TECHNICAL FIELD [0001] The present invention relates to a method for enhancing real-time data processing performance of a vehicle gateway, and a system thereof. ≪ Desc / Clms Page number 1 >

The present invention relates to a method and system for real-time data processing performance enhancement in a vehicle network gateway device that performs protocol conversion such as Local Interconnect Network (LIN), Controller Area Network (CAN), FlexRay, Ethernet,

The existing vehicle gateway technology receives a network message from various communication interfaces and transmits the received message to each destination node with reference to the routing table.
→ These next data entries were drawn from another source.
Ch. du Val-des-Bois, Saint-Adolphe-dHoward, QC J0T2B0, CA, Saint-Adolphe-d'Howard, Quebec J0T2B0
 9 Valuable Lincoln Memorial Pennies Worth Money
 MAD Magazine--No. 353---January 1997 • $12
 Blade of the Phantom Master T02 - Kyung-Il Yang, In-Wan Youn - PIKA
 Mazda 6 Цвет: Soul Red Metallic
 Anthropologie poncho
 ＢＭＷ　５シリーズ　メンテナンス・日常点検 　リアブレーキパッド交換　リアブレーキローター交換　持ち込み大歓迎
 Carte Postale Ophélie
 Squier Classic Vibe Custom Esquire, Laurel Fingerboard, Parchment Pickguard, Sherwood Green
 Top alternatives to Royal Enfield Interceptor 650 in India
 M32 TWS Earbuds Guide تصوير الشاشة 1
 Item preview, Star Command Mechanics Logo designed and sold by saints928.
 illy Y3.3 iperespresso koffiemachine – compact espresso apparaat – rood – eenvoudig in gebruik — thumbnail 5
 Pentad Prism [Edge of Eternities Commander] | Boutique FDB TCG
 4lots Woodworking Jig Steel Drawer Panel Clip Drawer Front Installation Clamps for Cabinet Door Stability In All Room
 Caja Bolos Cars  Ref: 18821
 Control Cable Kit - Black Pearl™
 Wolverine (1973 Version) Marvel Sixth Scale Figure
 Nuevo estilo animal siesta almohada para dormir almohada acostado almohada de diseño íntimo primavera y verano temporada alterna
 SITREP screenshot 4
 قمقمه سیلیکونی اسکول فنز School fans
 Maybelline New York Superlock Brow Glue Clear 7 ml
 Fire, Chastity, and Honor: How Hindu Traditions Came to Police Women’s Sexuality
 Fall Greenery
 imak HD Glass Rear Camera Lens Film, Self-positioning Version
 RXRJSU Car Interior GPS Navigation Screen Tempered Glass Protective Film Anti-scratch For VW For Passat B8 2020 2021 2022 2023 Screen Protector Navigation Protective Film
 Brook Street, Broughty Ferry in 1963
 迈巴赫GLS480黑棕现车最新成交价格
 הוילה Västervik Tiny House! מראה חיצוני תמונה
That is, when an arbitrary message is received through an interface, the message is analyzed and the lookup table is referred to based on the analysis result. The destination node and the interface are determined through this, and the packet is divided or assembled and transmitted And the like.

In this case, when a message having a long network delay time or a delayed time is received, an end-to-end message is received. ) In the worst case, there is a problem that the delay time increases or the message delay time that can be tolerated is exceeded when the message to be transmitted is accumulated.

SUMMARY OF THE INVENTION The present invention has been made to solve the above problems, and it is an object of the present invention to provide a gateway capable of improving real-time data processing performance of a vehicle gateway by calculating a delay time for each message received at a gateway, And to provide such a system.

A system having a real-time data processing performance enhancement function of a vehicle gateway according to the present invention for realizing the above object is a gateway system in a vehicle that executes data routing of messages transmitted and received between a plurality of communication nodes, A communication module for providing a communication interface between the communication nodes and the gateway; A delay time measuring module for calculating a delay time required until a message received in the communication module is transmitted to another communication node through a gateway; A look-up table (LUT) for storing reference information necessary for routing a message including the receiving node information of the received message as data; A priority-based message transmission queue for calculating a permissible transmission time based on the delay time calculated by the delay time measurement module and storing a message to be transmitted according to an order in which an allowable transmission time is shortest; And a message conversion module that performs conversion of a data format for the message according to a communication protocol of a node to which a message received at the gateway is to be transmitted, And transmits the message according to the message.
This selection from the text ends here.